Prototyping micro-optical components with integrated out-of-plane coupling structures using deep lithography with protons

We present Deep Lithography with Protons (DLP) as a rapid prototyping technology to fabricate waveguide-based micro-optical components with monolithically integrated 45° micro-mirrors acting as out-of-plane couplers, splitting the optical signal in 3 separated paths. For the first time, two different proton beam sizes are used during one irradiation and a 20μm collimating aperture is chosen to accurately define the out-of-plane coupling structures. We fully optimized the DLP process for this 20μm proton beam and we measured the surface roughness (R q =27.5nm) and the flatness (R t =3.17μm) of the realized components. Finally, we experimentally measured the optical transmission efficiency of the micro-optical splitter component. The results are in excellent agreement with non-sequential ray-tracing simulations performed for the design. Above that, we present a pluggable out-of-plane coupler incorporating a single micro-mirror for the 90° coupling of light to or from polymer multimode waveguides integrated on a printed circuit board (PCB). This millimeter-sized mass-reproducible component can then be readily inserted into laser ablated cavities.

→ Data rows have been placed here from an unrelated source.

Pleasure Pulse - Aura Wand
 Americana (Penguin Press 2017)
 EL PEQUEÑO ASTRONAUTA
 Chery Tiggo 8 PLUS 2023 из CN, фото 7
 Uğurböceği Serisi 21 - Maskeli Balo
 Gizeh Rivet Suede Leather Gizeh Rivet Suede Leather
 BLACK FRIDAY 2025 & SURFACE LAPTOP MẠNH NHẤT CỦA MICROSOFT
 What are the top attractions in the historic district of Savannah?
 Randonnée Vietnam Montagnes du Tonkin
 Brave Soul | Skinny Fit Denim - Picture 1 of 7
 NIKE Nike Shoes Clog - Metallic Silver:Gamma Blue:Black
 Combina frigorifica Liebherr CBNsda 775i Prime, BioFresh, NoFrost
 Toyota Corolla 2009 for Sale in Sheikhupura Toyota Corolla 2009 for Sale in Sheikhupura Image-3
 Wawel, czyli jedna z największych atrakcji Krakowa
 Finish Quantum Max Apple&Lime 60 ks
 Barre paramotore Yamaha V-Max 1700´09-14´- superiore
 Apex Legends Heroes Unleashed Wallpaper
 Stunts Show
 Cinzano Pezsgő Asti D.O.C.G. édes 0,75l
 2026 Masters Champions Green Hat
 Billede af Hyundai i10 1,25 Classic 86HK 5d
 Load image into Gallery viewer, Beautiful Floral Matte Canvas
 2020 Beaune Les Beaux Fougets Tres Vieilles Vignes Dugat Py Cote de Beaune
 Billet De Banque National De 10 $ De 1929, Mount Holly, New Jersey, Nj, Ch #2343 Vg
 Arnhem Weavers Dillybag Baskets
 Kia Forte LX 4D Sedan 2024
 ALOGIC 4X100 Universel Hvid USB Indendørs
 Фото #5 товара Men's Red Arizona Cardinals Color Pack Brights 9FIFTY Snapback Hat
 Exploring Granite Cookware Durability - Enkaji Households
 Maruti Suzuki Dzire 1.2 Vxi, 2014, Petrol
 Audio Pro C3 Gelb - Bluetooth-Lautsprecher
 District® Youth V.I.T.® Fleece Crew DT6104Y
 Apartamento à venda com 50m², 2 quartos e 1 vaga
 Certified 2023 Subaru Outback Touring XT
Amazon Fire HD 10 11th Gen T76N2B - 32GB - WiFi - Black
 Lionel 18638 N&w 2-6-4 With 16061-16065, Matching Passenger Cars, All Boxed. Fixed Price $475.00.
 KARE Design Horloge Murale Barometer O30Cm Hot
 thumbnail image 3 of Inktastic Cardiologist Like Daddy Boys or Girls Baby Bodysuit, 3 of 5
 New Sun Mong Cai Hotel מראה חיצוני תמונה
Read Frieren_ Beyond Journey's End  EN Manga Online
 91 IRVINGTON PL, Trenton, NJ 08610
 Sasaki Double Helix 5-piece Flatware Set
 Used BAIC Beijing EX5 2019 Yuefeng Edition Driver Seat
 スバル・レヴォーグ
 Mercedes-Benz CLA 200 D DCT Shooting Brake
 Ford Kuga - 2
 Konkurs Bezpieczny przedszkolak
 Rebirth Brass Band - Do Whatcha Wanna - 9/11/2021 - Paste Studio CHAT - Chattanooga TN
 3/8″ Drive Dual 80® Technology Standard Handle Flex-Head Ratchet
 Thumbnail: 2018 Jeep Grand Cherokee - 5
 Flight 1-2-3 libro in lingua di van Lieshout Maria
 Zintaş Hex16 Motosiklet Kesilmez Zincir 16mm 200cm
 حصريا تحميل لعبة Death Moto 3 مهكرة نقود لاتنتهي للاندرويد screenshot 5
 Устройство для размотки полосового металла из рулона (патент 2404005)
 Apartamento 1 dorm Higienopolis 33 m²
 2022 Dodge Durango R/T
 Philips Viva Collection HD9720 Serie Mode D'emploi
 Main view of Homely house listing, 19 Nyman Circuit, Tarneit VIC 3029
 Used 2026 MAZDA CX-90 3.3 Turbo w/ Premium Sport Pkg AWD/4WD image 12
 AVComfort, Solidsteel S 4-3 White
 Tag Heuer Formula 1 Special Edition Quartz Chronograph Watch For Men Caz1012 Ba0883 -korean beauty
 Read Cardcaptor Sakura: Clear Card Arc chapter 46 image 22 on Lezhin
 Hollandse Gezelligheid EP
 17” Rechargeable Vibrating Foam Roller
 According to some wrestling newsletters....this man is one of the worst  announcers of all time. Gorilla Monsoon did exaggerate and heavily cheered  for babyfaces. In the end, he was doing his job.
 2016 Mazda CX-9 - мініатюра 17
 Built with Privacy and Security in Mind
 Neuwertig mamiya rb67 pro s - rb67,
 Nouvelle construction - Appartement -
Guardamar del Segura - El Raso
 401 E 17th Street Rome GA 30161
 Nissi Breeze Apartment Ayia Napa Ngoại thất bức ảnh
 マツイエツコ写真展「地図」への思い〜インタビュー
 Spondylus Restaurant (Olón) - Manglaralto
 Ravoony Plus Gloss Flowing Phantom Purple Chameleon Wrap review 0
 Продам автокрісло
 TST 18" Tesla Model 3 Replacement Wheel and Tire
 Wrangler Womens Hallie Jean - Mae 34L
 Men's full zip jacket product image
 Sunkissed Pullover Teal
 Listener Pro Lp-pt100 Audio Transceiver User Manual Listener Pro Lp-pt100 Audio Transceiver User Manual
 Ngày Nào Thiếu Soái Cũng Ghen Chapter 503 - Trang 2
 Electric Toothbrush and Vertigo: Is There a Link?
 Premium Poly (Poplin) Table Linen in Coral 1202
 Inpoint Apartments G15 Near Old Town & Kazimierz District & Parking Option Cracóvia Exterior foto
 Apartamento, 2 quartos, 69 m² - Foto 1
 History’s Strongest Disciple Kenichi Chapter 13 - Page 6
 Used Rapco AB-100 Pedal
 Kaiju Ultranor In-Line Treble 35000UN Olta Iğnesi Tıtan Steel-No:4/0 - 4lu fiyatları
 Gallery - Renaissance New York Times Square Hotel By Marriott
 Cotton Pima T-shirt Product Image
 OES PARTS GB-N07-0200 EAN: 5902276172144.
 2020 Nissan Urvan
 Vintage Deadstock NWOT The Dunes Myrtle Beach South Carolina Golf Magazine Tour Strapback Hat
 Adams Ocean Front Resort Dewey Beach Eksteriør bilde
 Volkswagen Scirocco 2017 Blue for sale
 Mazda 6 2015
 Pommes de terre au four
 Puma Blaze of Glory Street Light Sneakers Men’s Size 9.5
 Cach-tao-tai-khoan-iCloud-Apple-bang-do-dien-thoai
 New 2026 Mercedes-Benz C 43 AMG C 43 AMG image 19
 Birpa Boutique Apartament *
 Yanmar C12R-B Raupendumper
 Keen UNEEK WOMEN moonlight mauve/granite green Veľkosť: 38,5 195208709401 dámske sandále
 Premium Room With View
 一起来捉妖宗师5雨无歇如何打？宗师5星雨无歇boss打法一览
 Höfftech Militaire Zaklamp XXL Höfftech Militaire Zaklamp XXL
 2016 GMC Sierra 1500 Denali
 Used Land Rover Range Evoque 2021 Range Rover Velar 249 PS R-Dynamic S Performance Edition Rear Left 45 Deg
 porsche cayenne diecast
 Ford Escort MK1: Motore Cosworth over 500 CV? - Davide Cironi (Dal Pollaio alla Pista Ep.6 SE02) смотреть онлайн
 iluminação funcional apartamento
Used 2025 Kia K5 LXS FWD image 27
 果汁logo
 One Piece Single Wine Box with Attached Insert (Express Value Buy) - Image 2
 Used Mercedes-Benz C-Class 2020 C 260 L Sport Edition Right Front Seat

Nonsequential ray-tracing simulations are performed to predict the optical performance of the component, showing coupling efficiencies up to 78%. These results are then experimentally verified using piezo-motorized positioning equipment with submicron accuracy in a multimode fiber-to-fiber coupling scheme, showing coupling efficiencies up to 56%. The fabricated coupling components are suitable for low-cost mass production since our micro-optical prototyping technology is compatible with standard replication techniques, such as hot embossing and injection molding, has been shown before.